MOD-Net: A Machine Learning Approach via Model-Operator-Data Network for Solving PDEs
This work addresses computational challenges in solving PDEs for scientific computing and engineering applications, offering a more efficient alternative to existing neural operators.
The authors tackled the problem of solving partial differential equations (PDEs) by proposing MOD-Net, a machine learning approach that uses a model-operator-data network to efficiently solve families of PDEs with few labeled data points, demonstrating efficiency in solving Poisson and radiative transfer equations.

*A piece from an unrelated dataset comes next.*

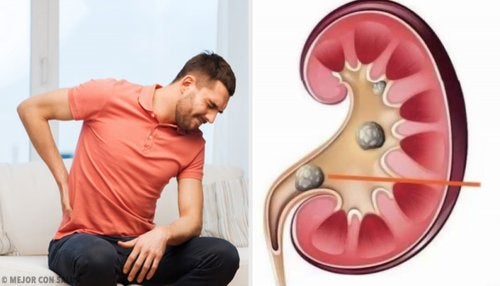 Qu'est-ce que la lithiase rénale ?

In this paper, we propose a a machine learning approach via model-operator-data network (MOD-Net) for solving PDEs. A MOD-Net is driven by a model to solve PDEs based on operator representation with regularization from data. For linear PDEs, we use a DNN to parameterize the Green's function and obtain the neural operator to approximate the solution according to the Green's method. To train the DNN, the empirical risk consists of the mean squared loss with the least square formulation or the variational formulation of the governing equation and boundary conditions. For complicated problems, the empirical risk also includes a few labels, which are computed on coarse grid points with cheap computation cost and significantly improves the model accuracy. Intuitively, the labeled dataset works as a regularization in addition to the model constraints. The MOD-Net solves a family of PDEs rather than a specific one and is much more efficient than original neural operator because few expensive labels are required. We numerically show MOD-Net is very efficient in solving Poisson equation and one-dimensional radiative transfer equation. For nonlinear PDEs, the nonlinear MOD-Net can be similarly used as an ansatz for solving nonlinear PDEs, exemplified by solving several nonlinear PDE problems, such as the Burgers equation.